Surgical Treatment of Femoral OCD
In formulating a treatment plan for a patient
with an OCD lesion, the knee specialist's approach is first directed
at establishing whether the lesion is mechanically stable
or unstable (i.e., still firm and well-fixed in place vs. already
loose or frankly mobile). Sometimes, obvious clinical symptoms
or the initial x-ray findings (such as a loose piece of bone in
the joint) are a "give-away" in this regard. In less
obvious cases, the combination of x-rays, a bone scan, and
an MRI scan can predict the likelihood of stability versus instability
with perhaps a 75-80% accuracy. (For further information regarding
the value of such diagnostic screening tests in cases of osteochondritis
dissecans, reprints of my published research in this area are
available by writing or e-mailing the Knee and Shoulder Center).

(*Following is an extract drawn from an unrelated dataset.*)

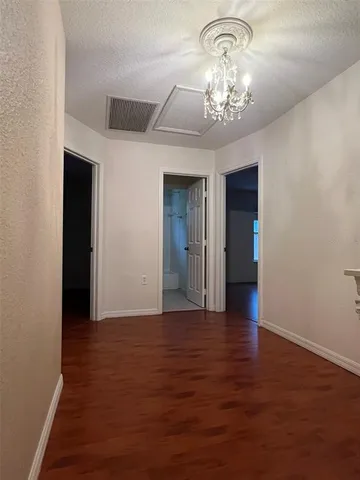 an empty room with wooden floor chandelier and entryway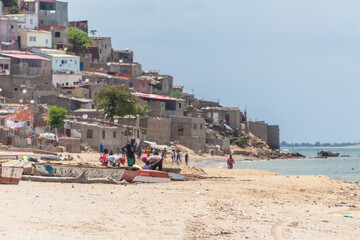 Beach view with fishermen and traditional Angolan boats, in Luanda beach, ghetto as background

Taking into account the patient's age and clinical symptoms, the
surgeon will interpret the results of these non-invasive diagnostic
tests and determine if an attempt at non-operative treatment is
reasonable, vs. recommending operative treatment.
The first step in the operative treatment of unstable lesions
or stable lesions that are deemed unlikely to heal on their own
is direct arthroscopic inspection. Even though the lesion may
be obvious on an MRI scan or x-ray, finding it within the joint
can be tricky if it has not yet become mobile. The overlying articular
surface cartilage may appear entirely normal, with perhaps the
lone exception of an extremely subtle contour irregularity at
the perimeter of the lesion. This can be very difficult to appreciate
visually with an arthroscope (see FIGURE
5). Probing the joint surface with firm pressure
administered by a blunt instrument may help the surgeon locate
the lesion by detecting micro-motion of the underlying bone fragment.
|
FIGURE
5 - As viewed with the arthroscope (femoral condyle
above and tibial articular surface below), OCD lesions that
have not overtly loosened or separated may actually be difficult
to locate. The arrows here point to a slight bulge in the
normal curvature of the femoral condylar surface, which in
this patient was the only visible sign of a very large, underlying
OCD lesion that was quite obvious on an MRI study. This patient
went on to have a retrograde bone grafting and screw fixation
procedure (see Figures 6 and 7), which resulted in complete
healing of the lesion before it ever had the chance to grossly
loosen or separate. |
One way of treating stable and relatively stable lesions is by
a drilling a number of small holes through the involved articular
surface, proceeding down through the OCD ossicle and fibrous tissue
interface into the normal bone of the parent femur. This is done
in the hope of creating internal bone bleeding and an inflammatory
healing reaction that ultimately fixes the underlying bone ossicle
into its crater (the two bone surfaces will hopefully "knit"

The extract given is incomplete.